Reflection for Sunday – January 10, 2016

Readings: Isaiah 40: 1-5, 9-11, or Isaiah 42:1-4, 6-7; Titus 2: 11-14, 3:4-7, or Acts 10-34-38; Luke 3:15-16, 21-22

My theology nerd heart beats a little faster every time lectionary year C comes around. As my students would tell you (rolling their eyes of course), I love Luke’s Gospel. As would be expected, I love it because it features some truly remarkable women—Mary and Elizabeth, Anna, the woman with the lost coin. But I also love it because, in addition to affirming my importance as a woman of faith, it also challenges me to truly be a person of prayer.

While all of the Gospels indicate the centrality of prayer, Luke does so more intentionally. His account of Jesus’ baptism is a perfect demonstration. This is made clear when we contrast it with Mark and Matthew’s accounts. These two authors write that the heavens opened, the Spirit descended, and the voice rang out as Jesus came up from the water. This presents a dramatic image—water is dripping from Jesus’ hair, the crowds are watching, something monumental is happening.

What seems like a slight variation in Luke’s account makes a world of difference. Luke writes that the heavens opened, the Spirit descended, and the voice rang out after Jesus had been baptized and was praying. This picture is much less dramatic—it’s quieter and more personal—but no less significant.

Doesn’t Luke’s description echo more closely our own experiences of God’s presence? Some of us may be lucky enough to have encountered God in a dramatic, public, extraordinary way. But in most cases, I suspect that we recognize God in a subtler manner, in a moment of quiet reflection or feeling of peace.

It would seem to follow, then, that we would make room for those quiet meetings with God. But do we? This is why I say that Luke’s Gospel challenges me to be a person of prayer. Prayer is hard. Not “hard” in the sense of complicated, but “hard” in the sense that it requires effort, attention, and patience. So, even though the benefits of prayer are clear, we don’t always give it the energy it deserves.

Most of the time, I stink at praying. A few years ago, I did the 19th Annotation of the Spiritual Exercises of Saint Ignatius of Loyola. This meant that for 10 months I dedicated an hour a day to praying with Scripture and other texts, journaling about it, and meeting with a small group and a prayer guide once a week to talk about our prayer.

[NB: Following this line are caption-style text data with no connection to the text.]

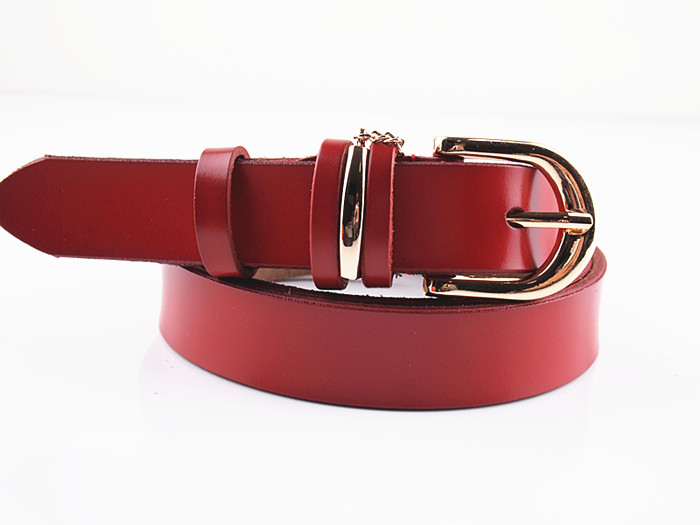 Casual popular genuine leather women's thin belt genuine leather red women's belt all-match belt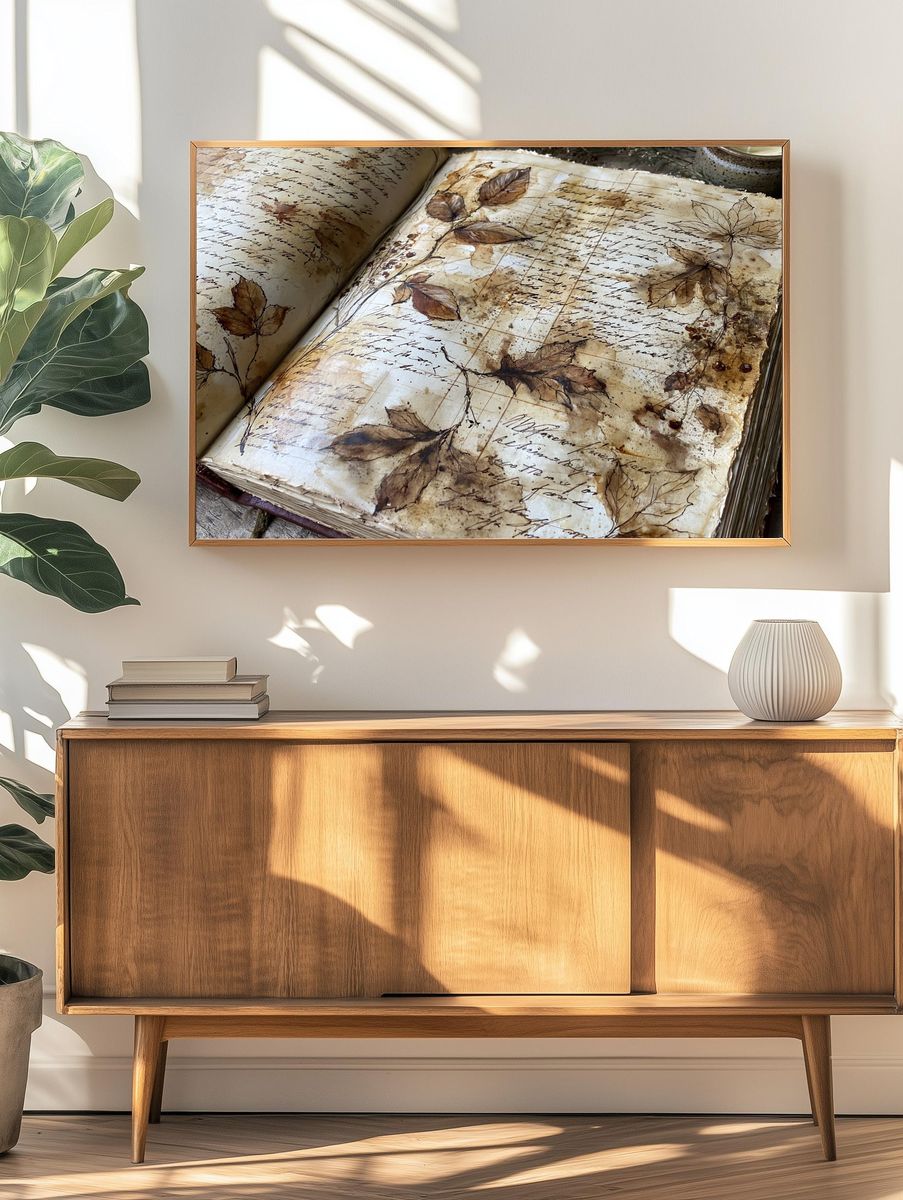 Autumn Botanical Journal Print. — room view 3
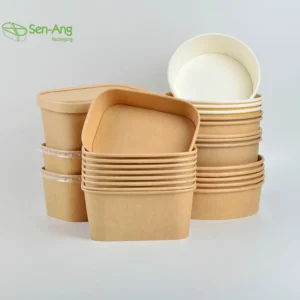 Factory Plastic Takeaway Square Bottom Pp With Lid Custom Kraft Paper Salad Bowl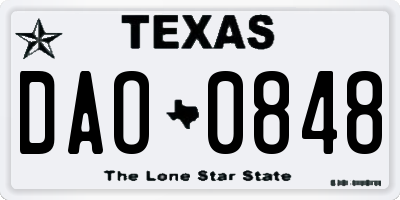 TX license plate DAO0848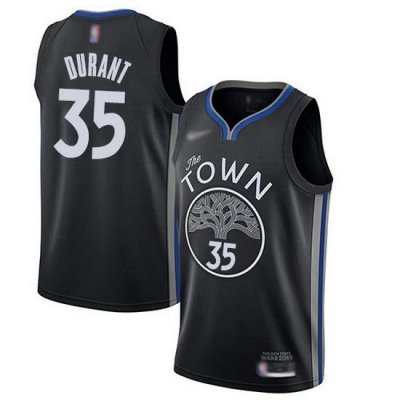 Warriors  35 Kevin Durant Black Basketball Swingman City Edition 2019 20 Jersey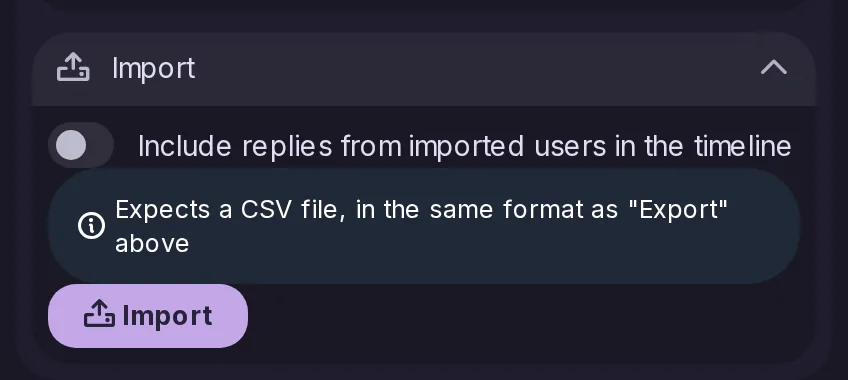 The import of followed accounts in Data & storage, saying above its button which file it expects.
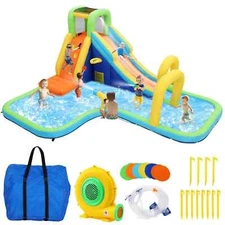 Inflatable Water Slide Park Great Water House with Long Slide, Climbing Wall🤽
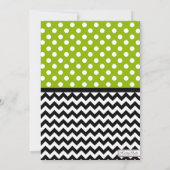Polka Dot Apple Green & Chevron Baby shower Kaart (Achterkant)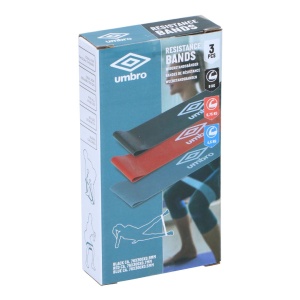 Set 3 benzi elastice fitness, Umbro®, niveluri diferite de rezistență, 30x7,6 cm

I think I set a record for making it through the Exercises with the least time actually spent in prayer. It seemed like every time I sat down to pray, I fell asleep. Or if I managed to stay awake, my mind wandered to the papers I had to grade or the chocolate covered graham crackers in the kitchen cupboard. On the rare evenings when I remained mostly focused on the Scripture, still it seemed like nothing was happening. I was frustrated and felt like I was failing. No wonder the Pauline epistles tell us to persevere in prayer. Prayer is hard.

Obviously my prayer guide encouraged me to keep at it, presenting myself to God each evening for an hour even if I suspected it would become naptime. So I began to start my prayer with a somewhat flippant greeting to God, “here I am, sitting in my prayer chair, trying to be with you.” In the ten months I was engaged in the Spiritual Exercises, I never had the kind of profound experience Luke describes in his account of Jesus’ prayer after his baptism. The sky never opened except in an occasional rainstorm. Rather than the Holy Spirit in the form of a dove, I saw only cardinals and robins out the window. And the only voice I heard was that of my husband on the phone downstairs. But in those quiet hours, I did experience God. Those hours shaped my heart in ways I didn’t recognize at the time, but can see now.

When I hear the line from Isaiah in today’s first reading, “Here is my servant whom I uphold, my chosen one with whom I am pleased,” I can now recognize those words as God’s response not only to Isaiah’s suffering servant made flesh in Jesus, but also to my own flippant, “here I am” to God. Because prayer, though it is hard, enables us to recognize who we are—God’s chosen ones, people with whom God is pleased. And hopefully when we recognize this, we, like Jesus, will begin the work of justice.